> What you have to do: Nothing but the lines below from the one containing "So what's going" through the one containing "Into the abilities: we've" should appear in the answer, exact and without pictures.

> Data:
----

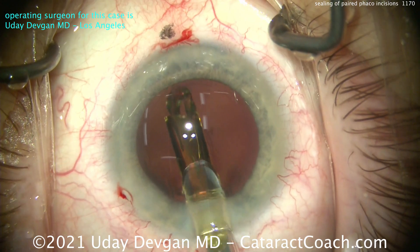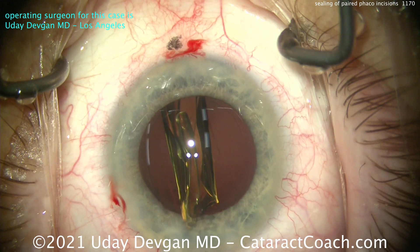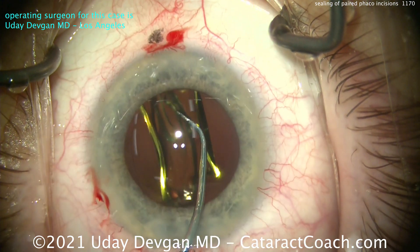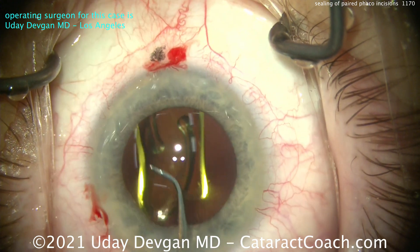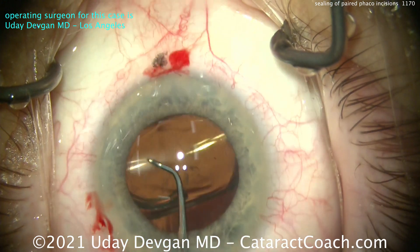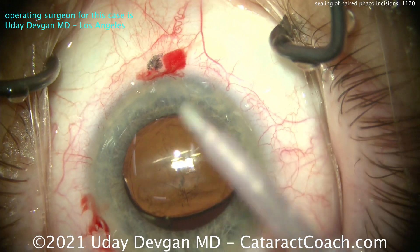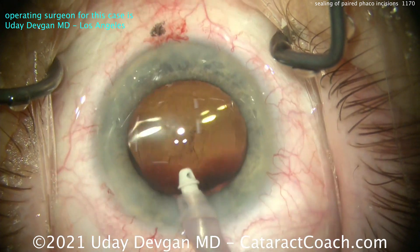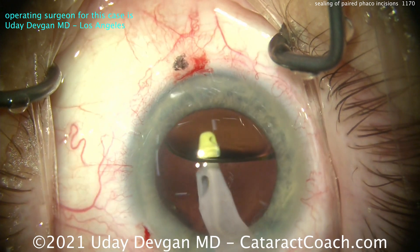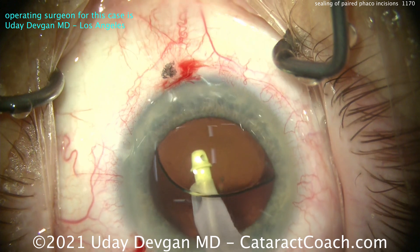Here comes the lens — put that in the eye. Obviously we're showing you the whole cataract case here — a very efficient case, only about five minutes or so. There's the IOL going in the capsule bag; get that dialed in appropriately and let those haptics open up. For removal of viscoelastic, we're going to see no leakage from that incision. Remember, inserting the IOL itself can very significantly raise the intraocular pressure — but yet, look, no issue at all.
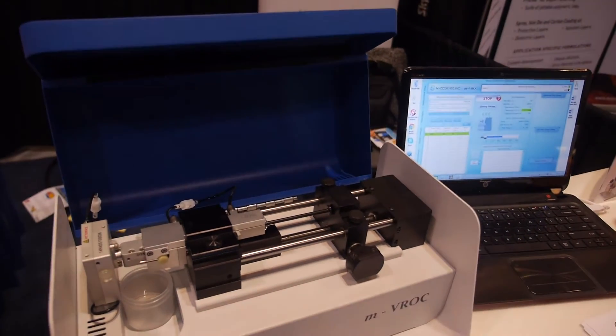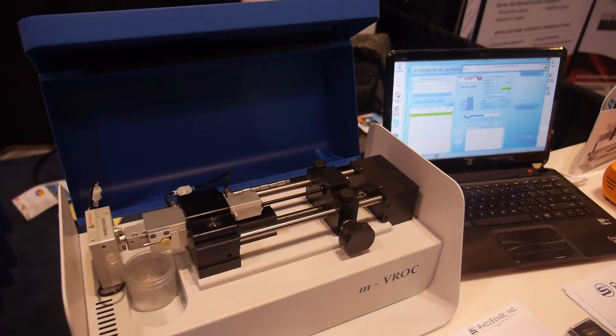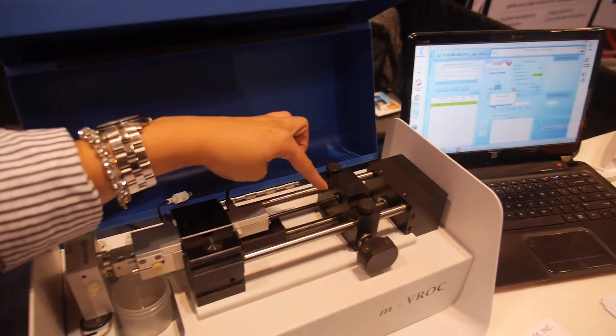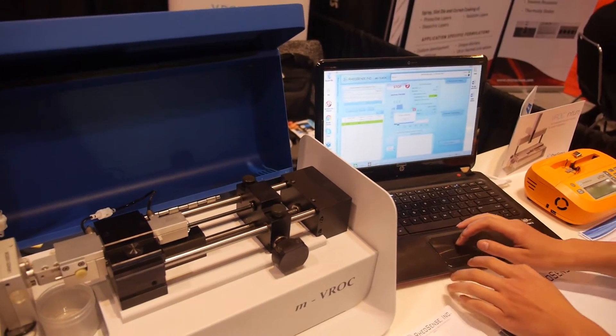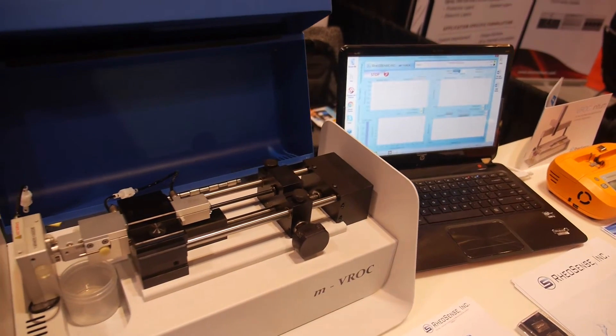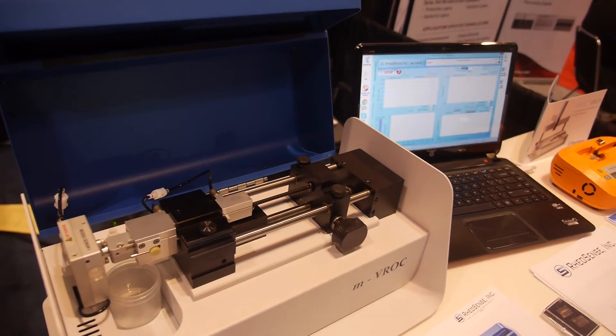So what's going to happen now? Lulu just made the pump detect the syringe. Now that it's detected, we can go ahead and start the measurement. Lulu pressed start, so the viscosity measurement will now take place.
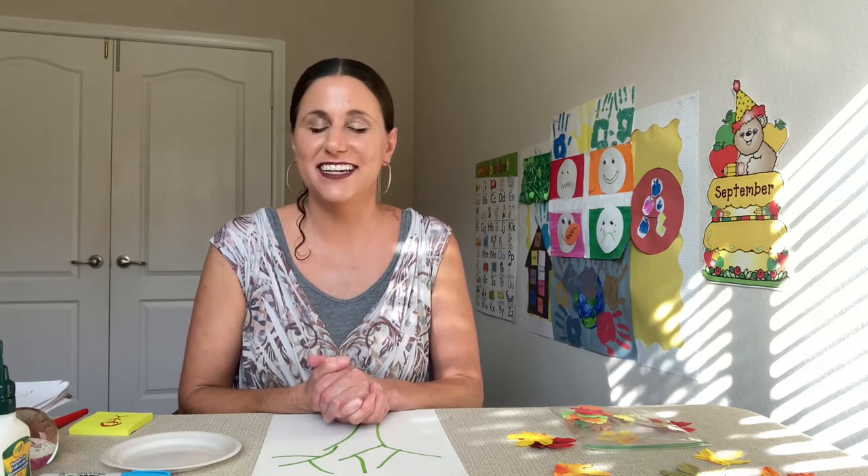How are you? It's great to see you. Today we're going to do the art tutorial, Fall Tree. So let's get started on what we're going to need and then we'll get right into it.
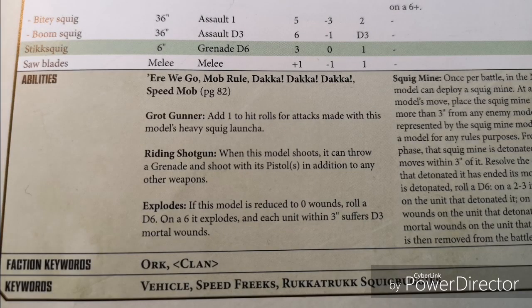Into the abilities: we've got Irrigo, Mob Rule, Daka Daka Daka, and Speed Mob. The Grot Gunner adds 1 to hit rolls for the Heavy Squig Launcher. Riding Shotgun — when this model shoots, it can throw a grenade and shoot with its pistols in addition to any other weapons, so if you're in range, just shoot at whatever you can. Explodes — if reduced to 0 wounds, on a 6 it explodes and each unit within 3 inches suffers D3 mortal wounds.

----

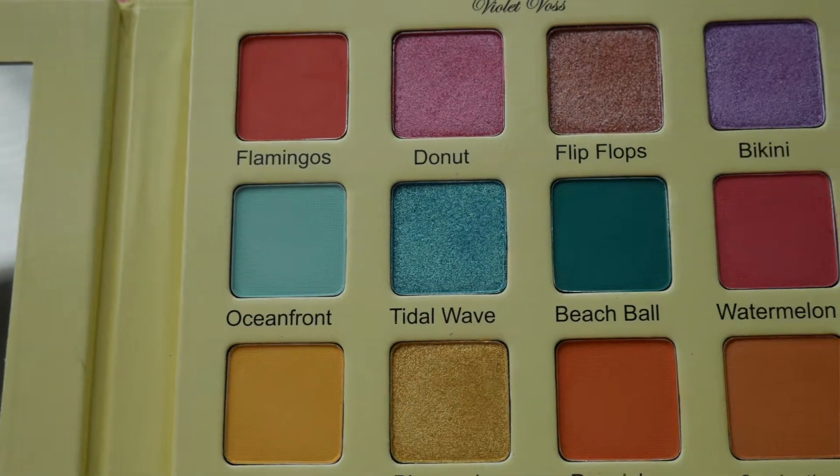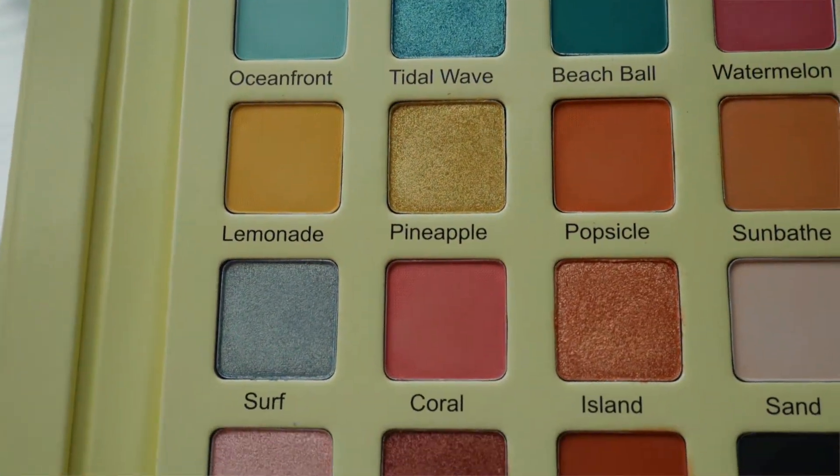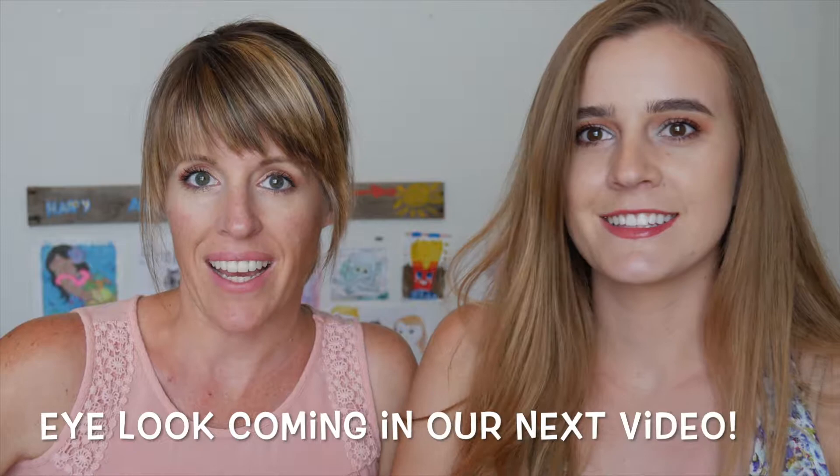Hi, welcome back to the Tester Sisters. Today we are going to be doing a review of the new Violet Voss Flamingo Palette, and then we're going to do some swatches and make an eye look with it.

----

> Answer for the task:
So what's going to happen now? Lulu just made the pump detect the syringe. Now that it's detected, we can go ahead and start the measurement. Lulu pressed start, so the viscosity measurement will now take place.
How are you? It's great to see you. Today we're going to do the art tutorial, Fall Tree. So let's get started on what we're going to need and then we'll get right into it.
Into the abilities: we've got Irrigo, Mob Rule, Daka Daka Daka, and Speed Mob. The Grot Gunner adds 1 to hit rolls for the Heavy Squig Launcher. Riding Shotgun — when this model shoots, it can throw a grenade and shoot with its pistols in addition to any other weapons, so if you're in range, just shoot at whatever you can. Explodes — if reduced to 0 wounds, on a 6 it explodes and each unit within 3 inches suffers D3 mortal wounds.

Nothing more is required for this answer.